Solution Guide: Among diagonals and perpendiculars drawn from a point outside a line to that line, the perpendicular is the shortest path.
Answer:
The height of a triangle is the perpendicular line drawn from the vertex to the opposite side of the triangle. Among diagonals and perpendiculars drawn from a point outside a line to that line, the perpendicular line is the shortest.
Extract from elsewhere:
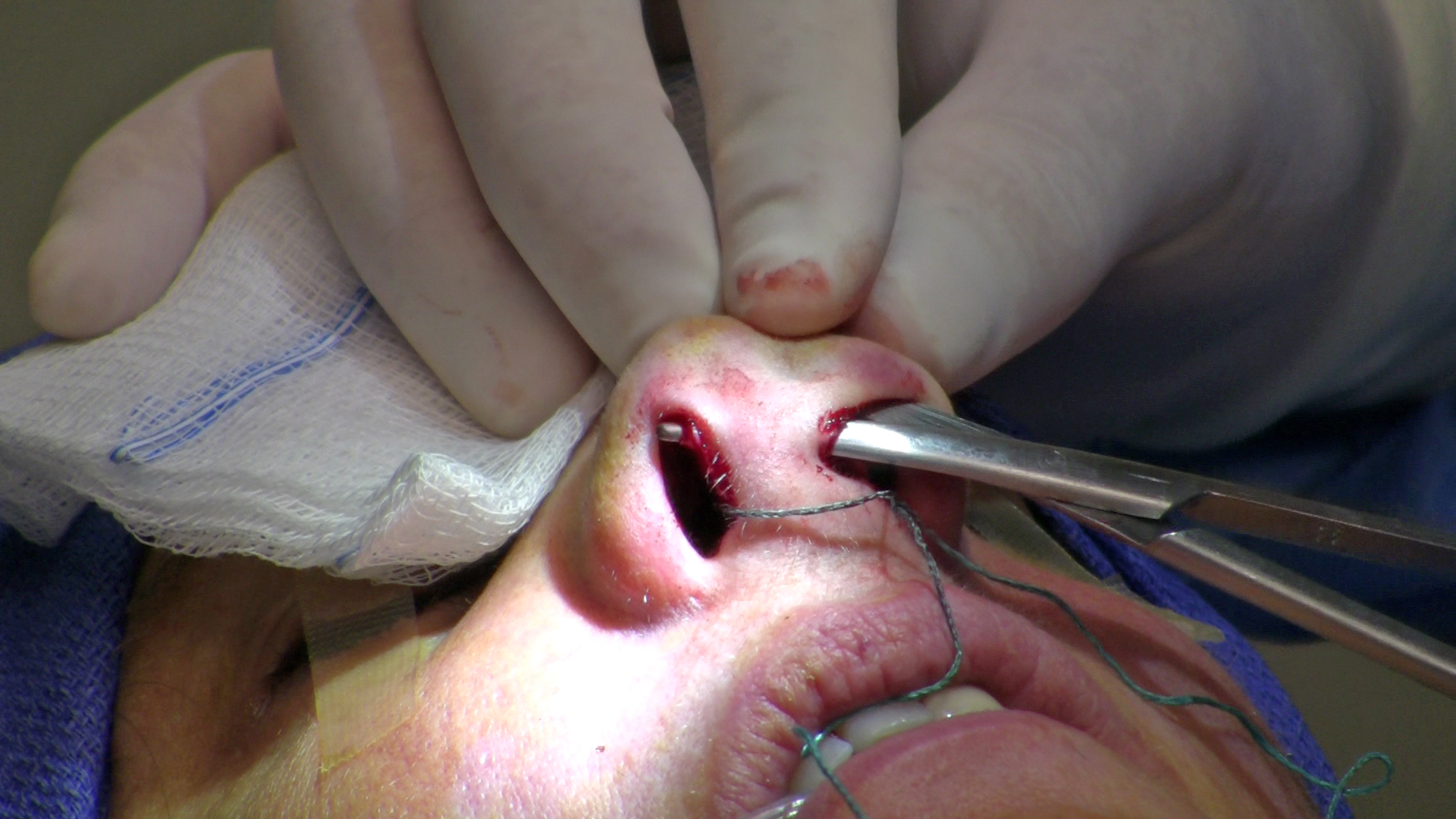 Surgeon Performing Open Rhinoplasty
Therefore, the main height is the distance from the opposite vertex to the line containing that side.
2. Solving Exercise 9.7 Page 65 Math Textbook Grade 7
Problem: Given square ABCD. In the 4 vertices of the square.
a) Which vertex is equidistant from points A and C?
b) Which vertex is equidistant from both lines AB and AD?
Solution Guide: Use the properties of the square to answer the question.
Answer:
a) Since ABCD is a square, AB = BC = CD = DA.
So the vertices equidistant from points A and C are vertices D and B.
b) The distance from C to line AB is the length of segment CB.
The distance from C to line AD is the length of segment CD.
Since CB = CD, vertex C is equidistant from lines AB and AD.
3. Solving Exercise 9.8 Page 65 Math Textbook Grade 7
Problem: Given isosceles triangle ABC, AB = AC. Take point M arbitrarily between B and C (H.9.12)
Solution Guide:
+ Among diagonals and perpendiculars drawn from a point outside a line to that line, the perpendicular is the shortest path.
+ In a triangle, the side opposite the larger angle is longer.
Answer:
Let M1 be the midpoint of the base BC. Therefore, AM1 ⊥ BC.
According to the theorem on diagonals and perpendiculars, AM1 is the shortest line drawn from point A to base BC.
So if M is the midpoint of BC, then AM will have the minimum length.
b) According to the assumption, point M lies between C and B.
4. Solve Exercise 9.9 Page 65 Math Textbook Grade 7
Connect N to B.
NA is the perpendicular line from point N to segment AN and AB
NB is the diagonal line, AB is the projection of NB. NM is the oblique line, AM is the projection of NM
Here's the guidance to solve 7th-grade Math problem on page 65, Volume 2. Students should refer to solve 7th-grade Math problem on page 69, Volume 2, and review solving 7th-grade Math problem on page 62, Volume 2 to ensure understanding.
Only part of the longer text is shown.